With the
exception of certain omissions and abridgments, they are printed as
they were written, and for such demerits as arise from this mode of
publication, I ask the kind indulgence of my readers.
ISABELLA L. BIRD.
January, 1875.
TRAVELS IN THE SANDWICH ISLANDS.
INTRODUCTORY CHAPTER.
Canon Kingsley, in his charming book on the West Indies, says, "The
undoubted fact is known I find to few educated English people, that
the Coco palm, which produces coir rope, cocoanuts, and a hundred
other useful things, is not the same plant as the cacao bush which
produces chocolate, or anything like it.
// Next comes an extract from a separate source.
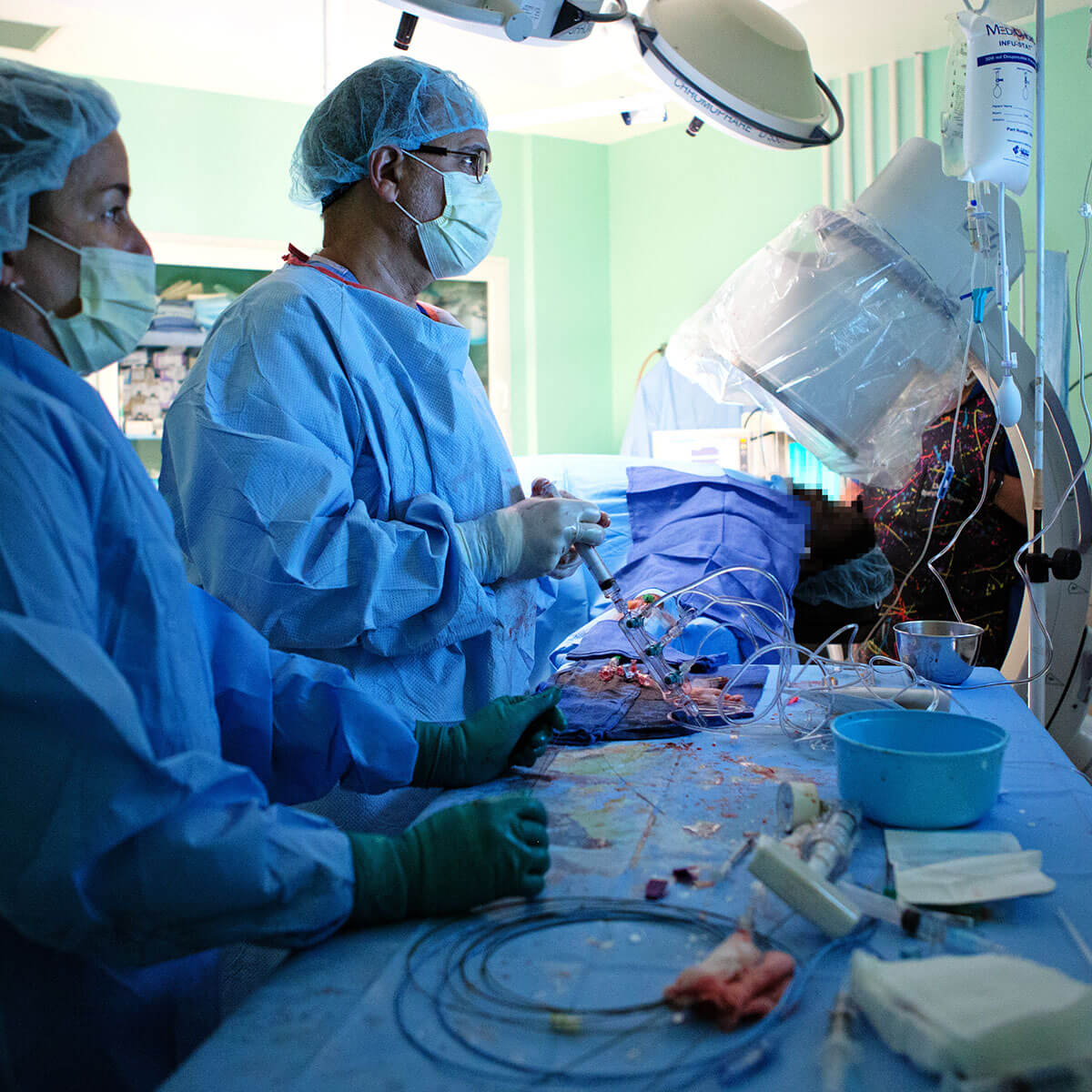 An interventional cardiologist performs a heart procedure while surrounded by other physicians and staff.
I am sorry to have to
insist upon this fact, but till Professor Huxley's dream and mine is
fulfilled, and our schools deign to teach, in the intervals of Greek
and Latin, some slight knowledge of this planet, and of those of its
productions which are most commonly in use, even this fact may need
to be re-stated more than once."
There is no room for the supposition that the intelligence of Mr.
Kingsley's "educated English" acquaintance is below the average, and
I should be sorry to form an unworthy estimate of that of my own
circle, though I have several times met with the foregoing
confusion, as well as the following and other equally ill-informed
questions, one or two of which I reluctantly admit that I might have
been guilty of myself before I visited the Pacific: "Whereabouts
are the Sandwich Islands? They are not the same as the Fijis, are
they? Are they the same as Otaheite? Are the natives all
cannibals? What sort of idols do they worship? Are they as pretty
as the other South Sea Islands? Does the king wear clothes? Who do
they belong to? Does any one live on them but the savages? Will
anything grow on them? Are the people very savage?" etc.